■ EXERCISE GOAL
Since the records include pictures, leave those out while you reproduce exactly and only the lines from the one containing "Celulares, vinos y" through the one containing "832 Washington St, Quincy, IL 62301", inclusive.

■ INFORMATION SUPPLIED

----

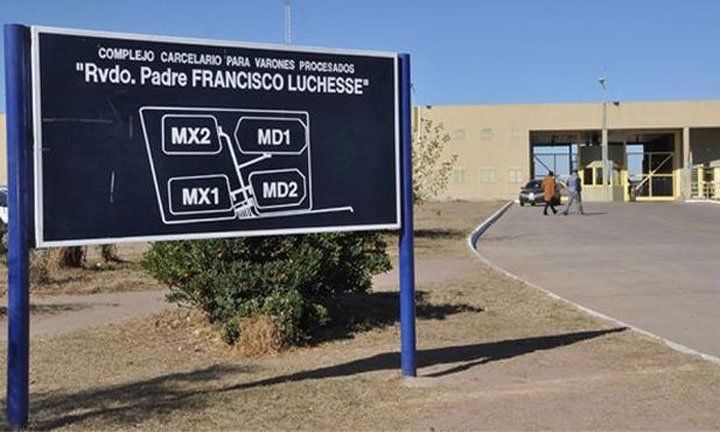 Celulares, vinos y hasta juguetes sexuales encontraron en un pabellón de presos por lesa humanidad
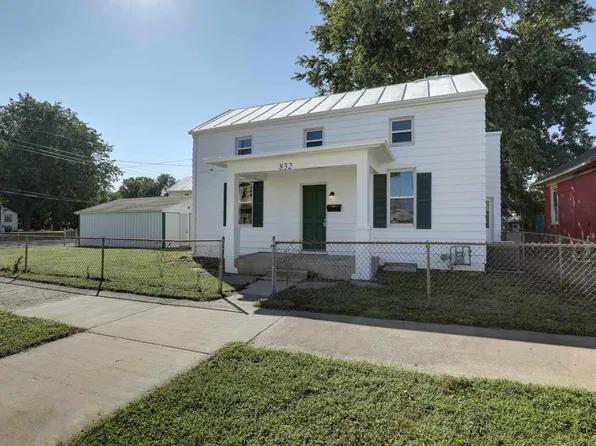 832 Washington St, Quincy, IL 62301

----

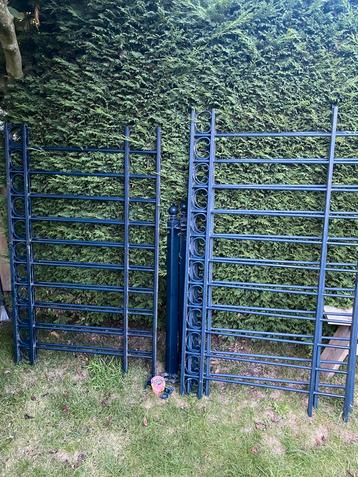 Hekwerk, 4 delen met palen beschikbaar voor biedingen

----

■ OUTPUT FOR THIS TASK
 Celulares, vinos y hasta juguetes sexuales encontraron en un pabellón de presos por lesa humanidad
 832 Washington St, Quincy, IL 62301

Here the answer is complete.